◆ Data records ◆
╭──
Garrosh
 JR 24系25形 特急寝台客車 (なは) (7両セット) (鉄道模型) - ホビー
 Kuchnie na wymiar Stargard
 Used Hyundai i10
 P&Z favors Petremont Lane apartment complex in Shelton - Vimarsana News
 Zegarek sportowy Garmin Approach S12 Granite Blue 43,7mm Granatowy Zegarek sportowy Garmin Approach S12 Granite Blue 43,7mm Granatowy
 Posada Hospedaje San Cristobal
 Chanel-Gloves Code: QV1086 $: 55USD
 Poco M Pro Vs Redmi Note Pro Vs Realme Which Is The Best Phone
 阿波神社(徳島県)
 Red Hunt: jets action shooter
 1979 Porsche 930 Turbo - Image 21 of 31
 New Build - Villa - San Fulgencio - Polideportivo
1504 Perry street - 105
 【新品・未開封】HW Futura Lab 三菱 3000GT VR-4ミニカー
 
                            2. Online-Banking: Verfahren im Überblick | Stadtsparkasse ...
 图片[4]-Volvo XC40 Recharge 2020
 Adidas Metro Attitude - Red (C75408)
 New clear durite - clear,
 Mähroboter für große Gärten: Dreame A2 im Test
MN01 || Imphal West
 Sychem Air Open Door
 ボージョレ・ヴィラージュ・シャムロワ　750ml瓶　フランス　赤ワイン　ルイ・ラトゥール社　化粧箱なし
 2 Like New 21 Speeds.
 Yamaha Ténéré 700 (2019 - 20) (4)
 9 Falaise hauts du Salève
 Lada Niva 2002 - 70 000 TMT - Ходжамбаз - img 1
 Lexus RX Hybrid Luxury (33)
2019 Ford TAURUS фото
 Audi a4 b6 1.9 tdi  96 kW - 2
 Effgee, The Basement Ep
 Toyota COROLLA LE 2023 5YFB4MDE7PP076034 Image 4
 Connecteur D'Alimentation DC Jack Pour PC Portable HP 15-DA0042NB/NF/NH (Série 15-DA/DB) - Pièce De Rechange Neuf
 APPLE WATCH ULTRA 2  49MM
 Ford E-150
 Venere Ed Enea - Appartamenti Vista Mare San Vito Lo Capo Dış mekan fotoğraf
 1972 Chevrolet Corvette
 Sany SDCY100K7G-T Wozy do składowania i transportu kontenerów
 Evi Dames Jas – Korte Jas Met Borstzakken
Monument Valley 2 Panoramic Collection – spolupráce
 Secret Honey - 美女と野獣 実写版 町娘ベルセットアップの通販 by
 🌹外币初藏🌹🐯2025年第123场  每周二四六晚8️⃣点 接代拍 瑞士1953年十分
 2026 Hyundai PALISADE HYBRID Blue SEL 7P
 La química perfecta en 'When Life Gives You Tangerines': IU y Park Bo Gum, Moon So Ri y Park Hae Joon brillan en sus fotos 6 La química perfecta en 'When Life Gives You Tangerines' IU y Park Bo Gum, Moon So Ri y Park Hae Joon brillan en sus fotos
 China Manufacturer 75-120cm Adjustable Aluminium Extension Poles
╰──
◆ What you have to do ◆
Set down the preceding data verbatim. Every line belongs in the copy.

◆ Task response ◆
Garrosh
 JR 24系25形 特急寝台客車 (なは) (7両セット) (鉄道模型) - ホビー
 Kuchnie na wymiar Stargard
 Used Hyundai i10
 P&Z favors Petremont Lane apartment complex in Shelton - Vimarsana News
 Zegarek sportowy Garmin Approach S12 Granite Blue 43,7mm Granatowy Zegarek sportowy Garmin Approach S12 Granite Blue 43,7mm Granatowy
 Posada Hospedaje San Cristobal
 Chanel-Gloves Code: QV1086 $: 55USD
 Poco M Pro Vs Redmi Note Pro Vs Realme Which Is The Best Phone
 阿波神社(徳島県)
 Red Hunt: jets action shooter
 1979 Porsche 930 Turbo - Image 21 of 31
 New Build - Villa - San Fulgencio - Polideportivo
1504 Perry street - 105
 【新品・未開封】HW Futura Lab 三菱 3000GT VR-4ミニカー
 
                            2. Online-Banking: Verfahren im Überblick | Stadtsparkasse ...
 图片[4]-Volvo XC40 Recharge 2020
 Adidas Metro Attitude - Red (C75408)
 New clear durite - clear,
 Mähroboter für große Gärten: Dreame A2 im Test
MN01 || Imphal West
 Sychem Air Open Door
 ボージョレ・ヴィラージュ・シャムロワ　750ml瓶　フランス　赤ワイン　ルイ・ラトゥール社　化粧箱なし
 2 Like New 21 Speeds.
 Yamaha Ténéré 700 (2019 - 20) (4)
 9 Falaise hauts du Salève
 Lada Niva 2002 - 70 000 TMT - Ходжамбаз - img 1
 Lexus RX Hybrid Luxury (33)
2019 Ford TAURUS фото
 Audi a4 b6 1.9 tdi  96 kW - 2
 Effgee, The Basement Ep
 Toyota COROLLA LE 2023 5YFB4MDE7PP076034 Image 4
 Connecteur D'Alimentation DC Jack Pour PC Portable HP 15-DA0042NB/NF/NH (Série 15-DA/DB) - Pièce De Rechange Neuf
 APPLE WATCH ULTRA 2  49MM
 Ford E-150
 Venere Ed Enea - Appartamenti Vista Mare San Vito Lo Capo Dış mekan fotoğraf
 1972 Chevrolet Corvette
 Sany SDCY100K7G-T Wozy do składowania i transportu kontenerów
 Evi Dames Jas – Korte Jas Met Borstzakken
Monument Valley 2 Panoramic Collection – spolupráce
 Secret Honey - 美女と野獣 実写版 町娘ベルセットアップの通販 by
 🌹外币初藏🌹🐯2025年第123场  每周二四六晚8️⃣点 接代拍 瑞士1953年十分
 2026 Hyundai PALISADE HYBRID Blue SEL 7P
 La química perfecta en 'When Life Gives You Tangerines': IU y Park Bo Gum, Moon So Ri y Park Hae Joon brillan en sus fotos 6 La química perfecta en 'When Life Gives You Tangerines' IU y Park Bo Gum, Moon So Ri y Park Hae Joon brillan en sus fotos
 China Manufacturer 75-120cm Adjustable Aluminium Extension Poles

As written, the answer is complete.